Mental healing takes time. These patients usually need to have access to the bonded therapist for at least two years. Continuity of the relationship is essential. The consequences of not doing this are dire and can lead to suicide attempts and other setbacks. Yet now the rollover funding for this program has been denied. Minister Dutton said he would roll over funding for the program. That has been denied. The Prime Minister promised before the election that he would not cut frontline health services. This is a frontline health service. Its funding has been cut. As a result of the funding cut, the RFDS has had to withdraw from providing this service. The Medicare Local is looking for another service provider to provide the service at around half the funding that was previously available. In the meantime these communities are not being serviced.

Whose fault is that? It is not my fault. It is Minister Dutton's fault. It is Prime Minister Abbott's fault. And despite their protestations that they have not cut funding to health, here is yet another example where funding to an essential frontline service has been reduced, jeopardising the service for people who live in some of the most remote and underprivileged communities in this country. We are talking about mental health services. Those opposite talk about their concern for and understanding of the needs of these people. In fact they show that they do not care. We need to get the government to understand that this service is an essential service. We need to get it to provide sufficient funding to allow the RFDS to continue to provide the very high quality service that has been provided previously to these communities, firstly through the Medicare Local, then as a result of funding to the RFDS.

We cannot accept the proposition that, somehow or other, having fewer resources available to these mental health services will give a better mental health outcome for these people. It clearly will not. It is an absolute disgrace that the people who most need access to these services, who live in remote parts of Australia, have effectively been denied access to these services because of this reduction in funding.
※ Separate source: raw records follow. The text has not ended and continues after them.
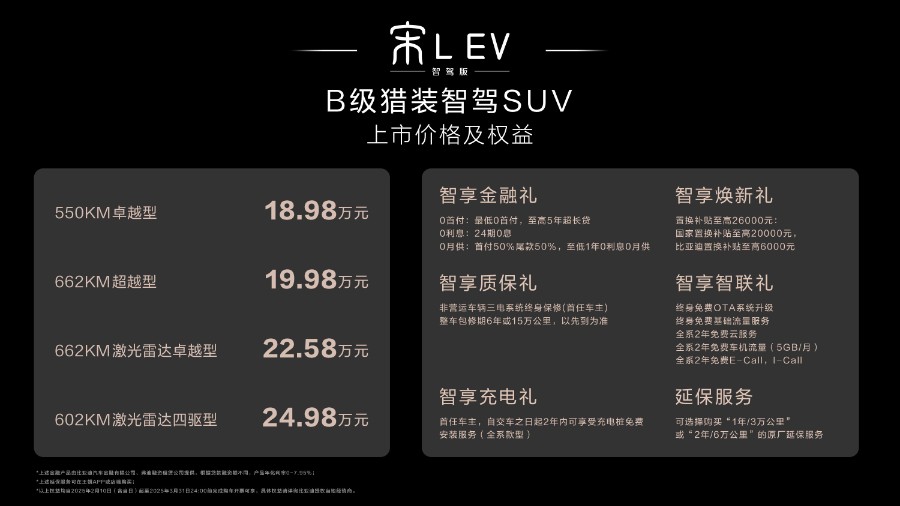 开yun体育官网入口登录APP下载：R1满血版震撼上线：开启AI算力新纪元！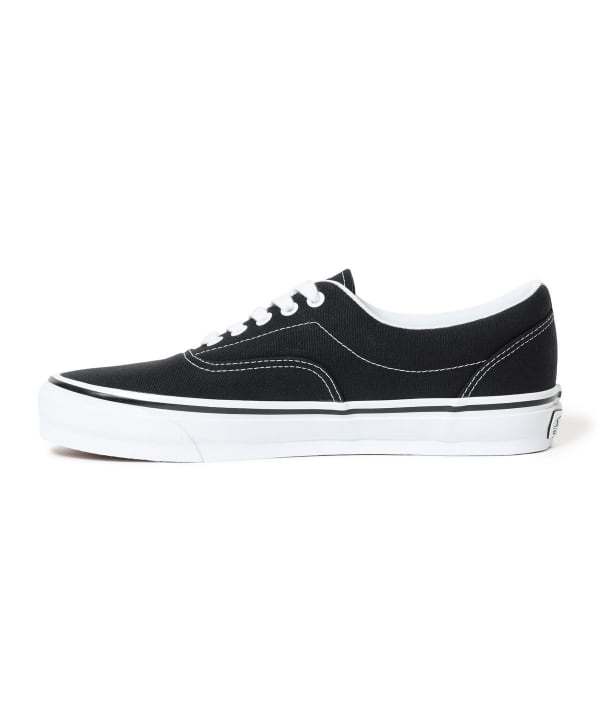 BEAMS（ビームス）【別注】Vans / Era 95 GORE-TEX（R）（シューズ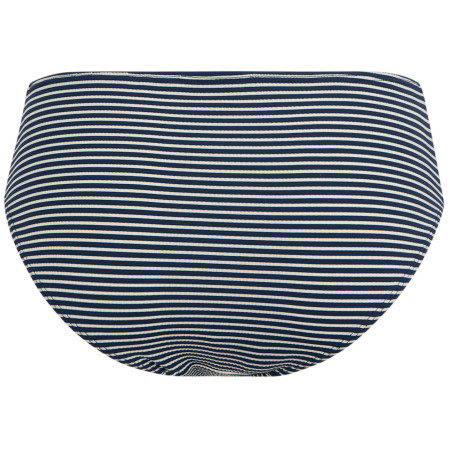 Bikini-Unterteil Regatta Aceana Bikini Brief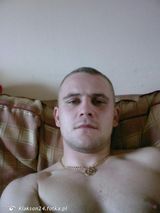 Benutzerfoto Klakson24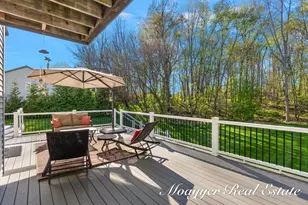 7321 Cuesta Way NE, Rockford, MI 49341 - Photo 65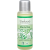 SALOOS Hidrofil sminklemosó olaj Citromfű 50 ml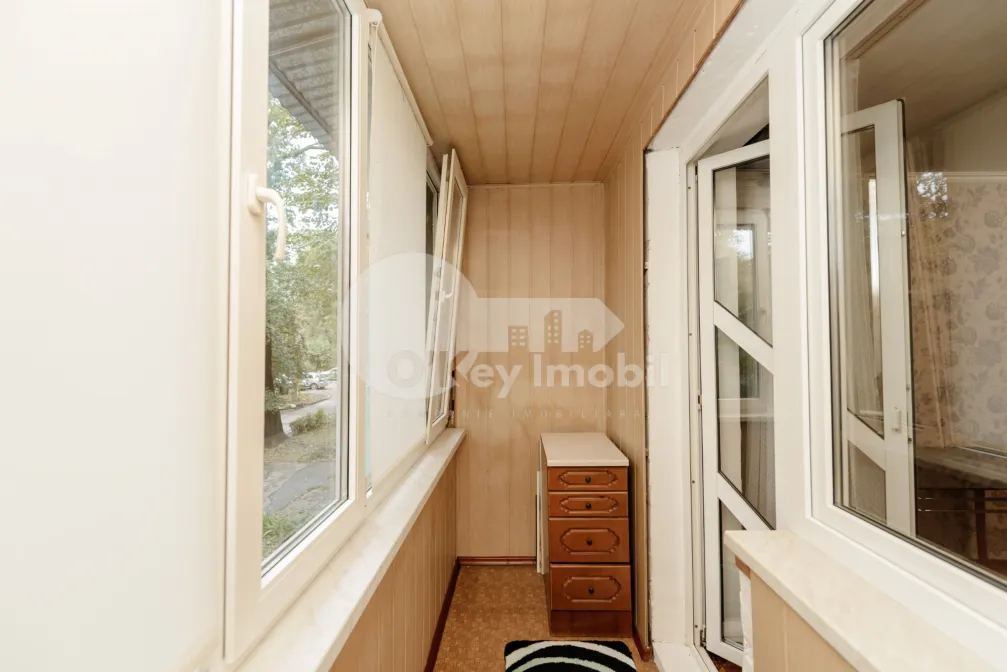 Apartament, Centru, GRĂDINILOR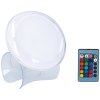 LED světlo s dálkovým ovládáním Deluxe RGB Ambient Light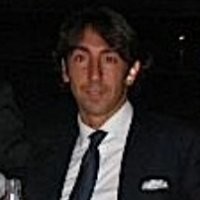 Alessandro Valentini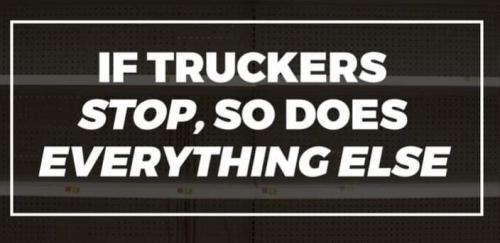 963b72f6-6a6d-45b6-a250-34fa006933f9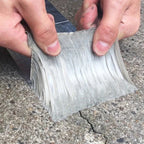 Súper Cinta Impermeable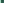 line decor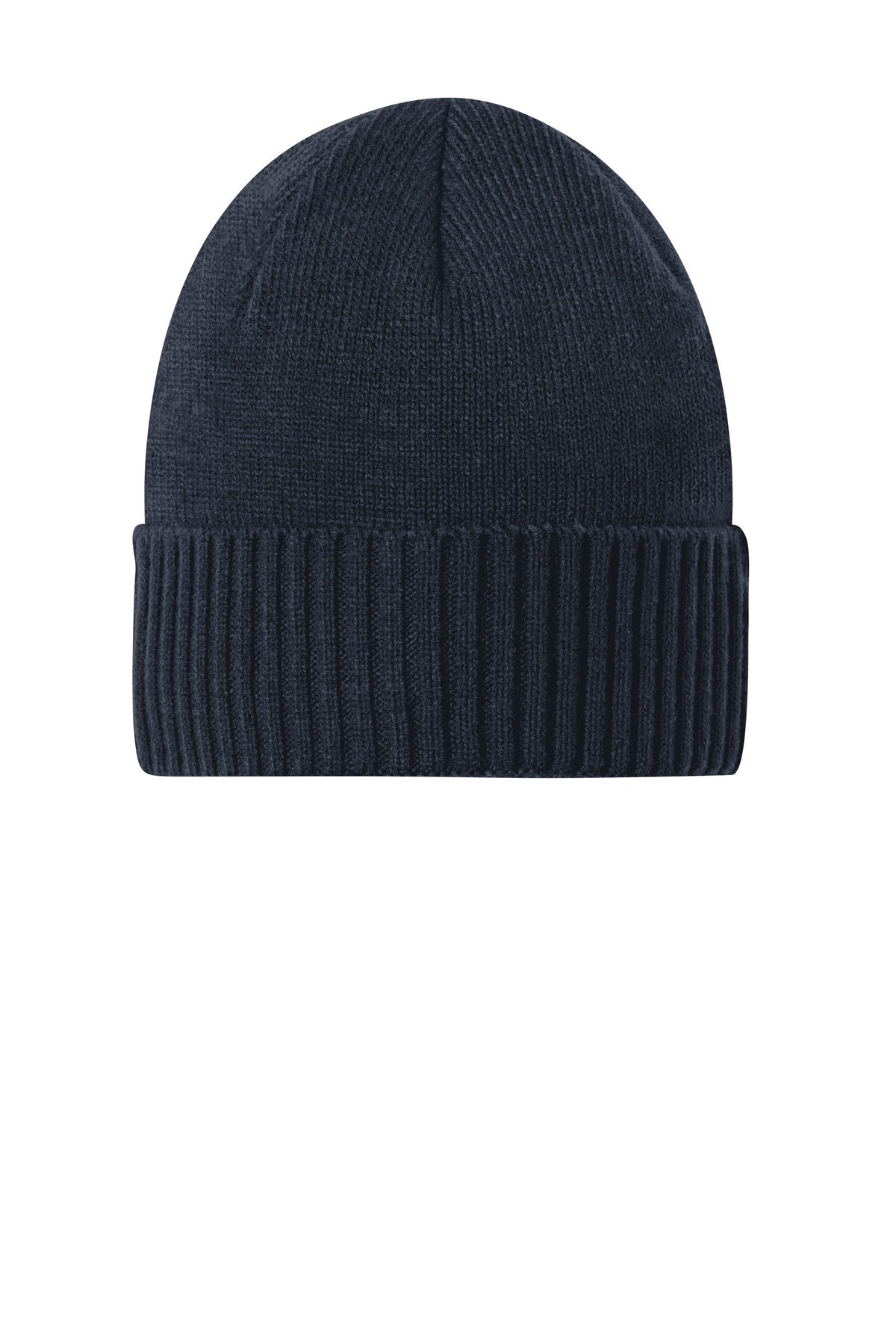 Port Authority C951 - Rib Knit Cuff Beanie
There can be no excuse. I do not care what state the budget is in; this is an essential service. You would not tolerate this if it were on the North Shore of Sydney. But it is not on the North Shore. It is in small, remote, isolated Aboriginal communities where people are underprivileged and disadvantaged and have high levels of chronic disease which as a result of the GP co-payment issue are likely to go unaddressed for long periods of time and which as a result of the co-payment issue from medicines will mean that they do not buy medicines to address their chronic disease. At the same time, they will not be seeking access to doctors and other medical professionals to undertake preventive health checks, because they will not be able to pay or will not be prepared to pay the co-payment.

Whose fault is this? Again, it is not my fault; it is not the Leader of the Opposition's fault; it is the Prime Minister's fault and the fault of Minister Dutton. They will not own up to that responsibility, they will not accept that responsibility, they will obfuscate and they will tell us all sorts of porkies about what in fact is happening, but we know, on the ground, what the impact of these measures will be.

The people of Australia are not fools. They can see right through the rhetoric coming out of this government and they understand the impact these changes will have on them and their families. I say to the government: it is not too late to change your ideas. You need to fix this issue and remove this ridiculous prospect of a co-payment on medicines.